Socarides’s flashlight stopped on something that glinted in the dark. Mike grabbed a bookcase wedged into the space behind the door and slammed it to its side, skulls scattering across the floor. He climbed onto its edge, two feet off the ground, to reach the top few tiers of shelves.

Guns. A rack of hunting rifles spread out across the uppermost space. “Eight of ‘em up here. Looks like there were a couple more here once, if this was ever full.”

He wiped his hand to see what amount of dust had accumulated in the several inches that separated the long guns from each other. One level below were pistols and handguns. No way of really knowing how many had been on the shelf earlier than today and whether any had been taken recently.

Mike stood on his toes and reached behind the row of pistols now clearly visible to me as I tried to give him more light.

“This one of yours?” He balanced against the sturdy wooden shelf with one hand, handing me a couple of the guns while pulling into Socarides’s view the tip of an elephant tusk that must have been four feet long.

“Ivory, Detective. Willem Van der Poste’s private insurance policy, if I had to guess. Every hunter had a stash of some sort or other, and his tusks were probably hidden here against the day he’d get back to the States and need to convert them into cash. Sell them on the black market.”
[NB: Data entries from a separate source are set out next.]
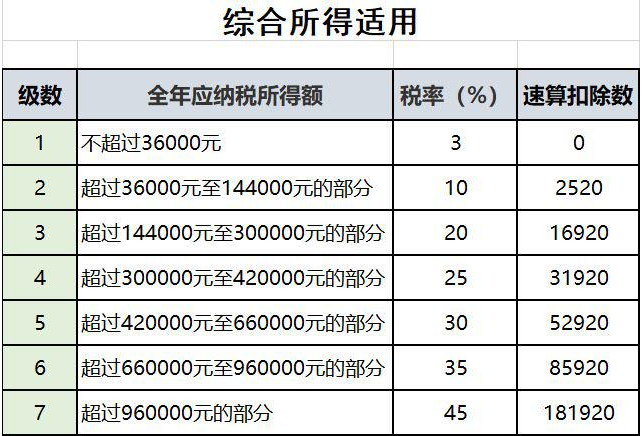 已經(jīng)退休或即將退休？ 與退休人員有關(guān)的涉稅問題來了！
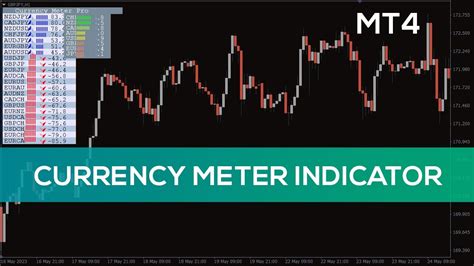 Currency Meter Indicator For MT4 FAST REVIEW YouTube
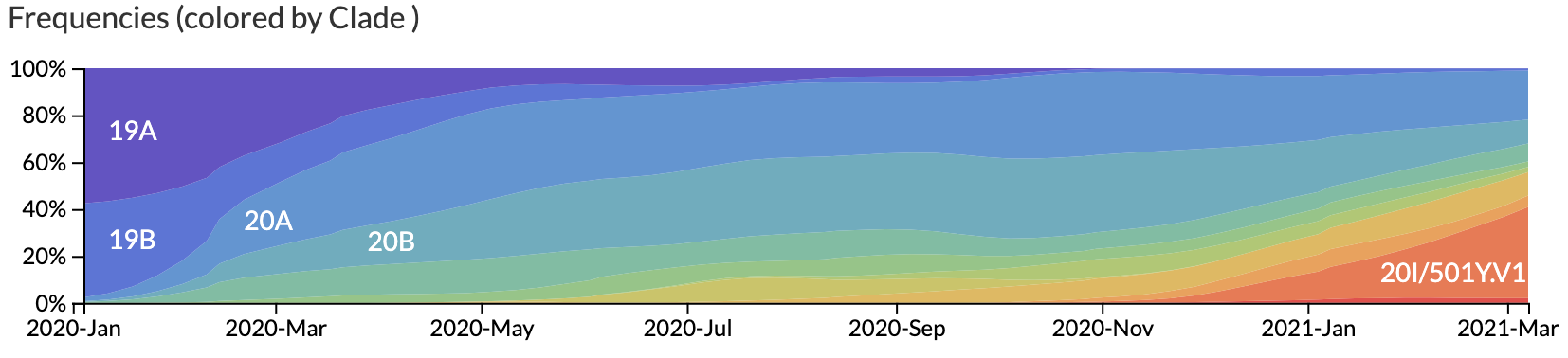 Frequencies of phylogenetic clades through time for SARS-CoV-2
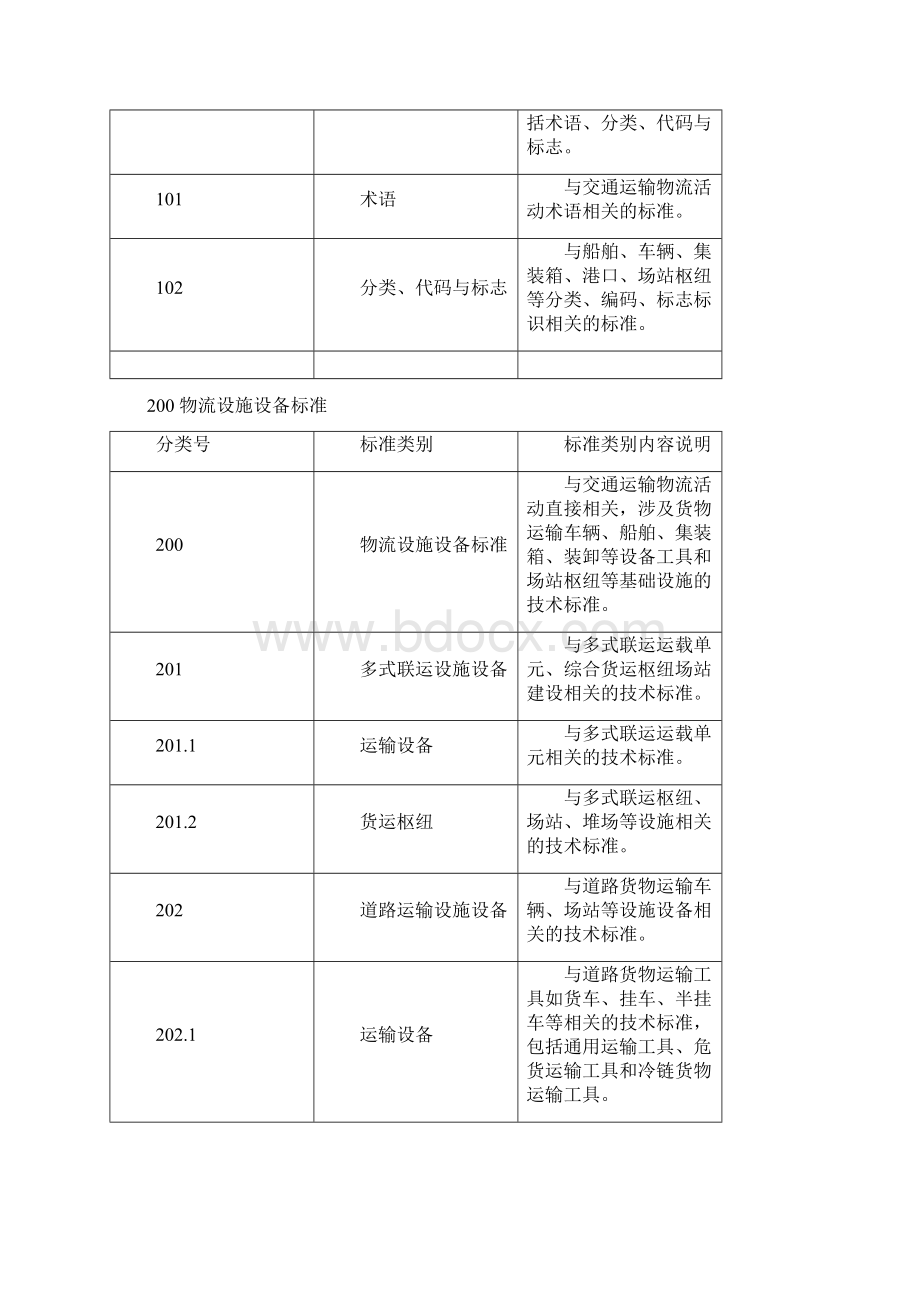 交通运输物流标准体系课件Word格式.docx_第2页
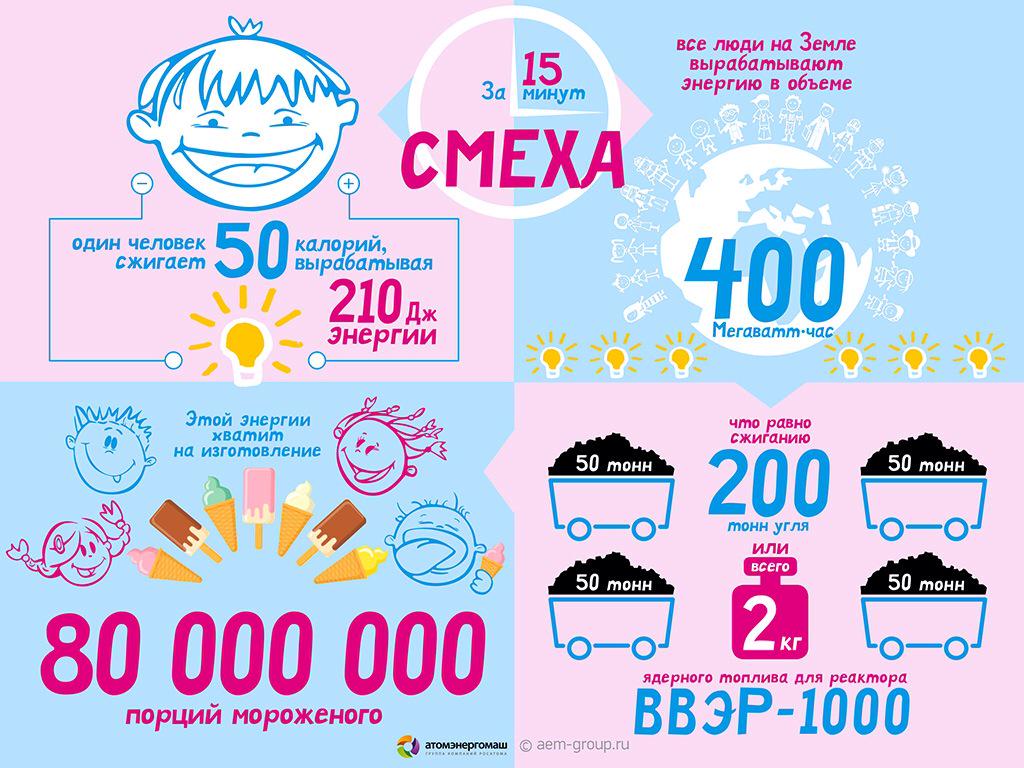 Атомэнергомаш tweet media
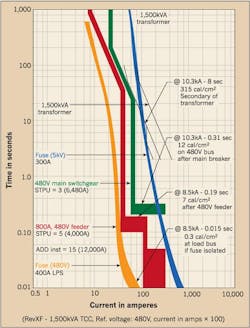 Ecmweb Com Sites Ecmweb com Files Uploads 2013 10 Revised Tcc 1500k Va Unit Substation Ecmweb Com Sites Ecmweb com Files Uploads 2013 10 Revised Tcc 1500k Va Unit Substation
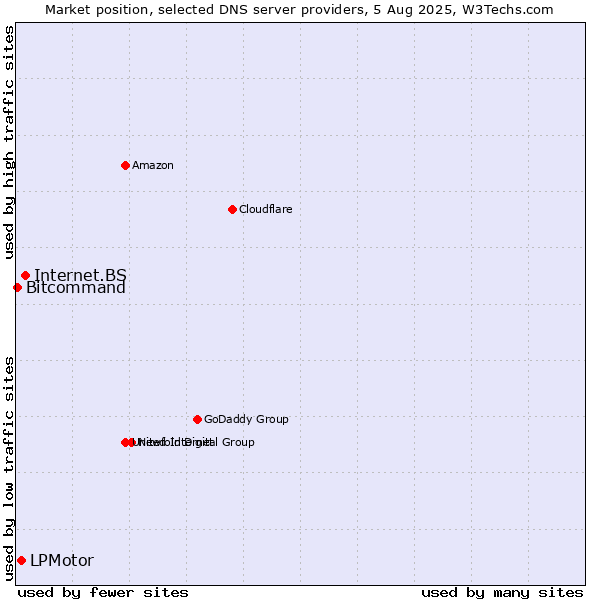 Market position of Internet.BS vs. LPMotor vs. Bitcommand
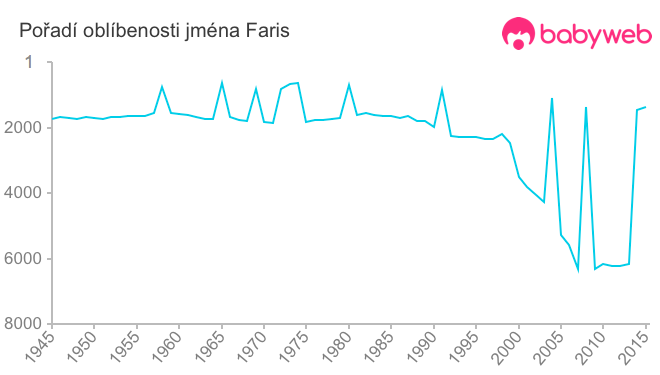 Pořadí oblíbenosti jména Faris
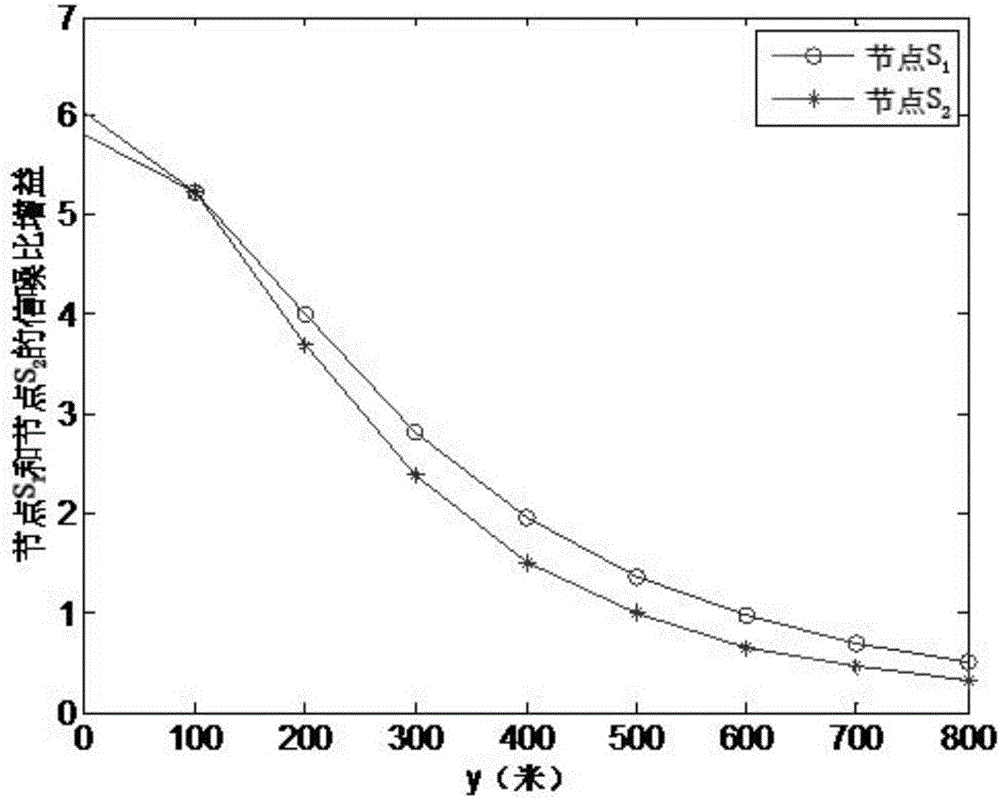 Cooperative communication method based on game theory in multi-antenna relay system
Mike backed down off the shelf. “Got a few of ‘em up there. Worth what?”

“Fifteen, maybe twenty thousand apiece. Maybe more.”

“Nobody back there, Chapman,” a cop called in after checking the rooms beyond us.

“Open every room. Check every inch of this place.” The uniformed cops hustled as Mike gave out orders. “Where to?”

Socarides was running out of ideas. “Maybe he got her out of the museum. Maybe they’re not-”

“That’s great. I’ll let you know when the chief gives me that news. I’m a worst-case scenario kind of guy. I don’t feature ‘em on the Jitney, on their way out to the Hamptons. Where else could you hide inside here? Where else would-?”

“The basement. I mean, there are several basement areas, each separate and-”

“I know. We got people down there.”

“There’s the attic, above us. Vast spaces, locked storerooms. No reason for anyone to be up there, no one to disturb them once they got there.”

“Can you get to it from the staircase in Mamdouba’s office?”

“Frankly, I didn’t know there was a staircase in his office. No idea where that leads.”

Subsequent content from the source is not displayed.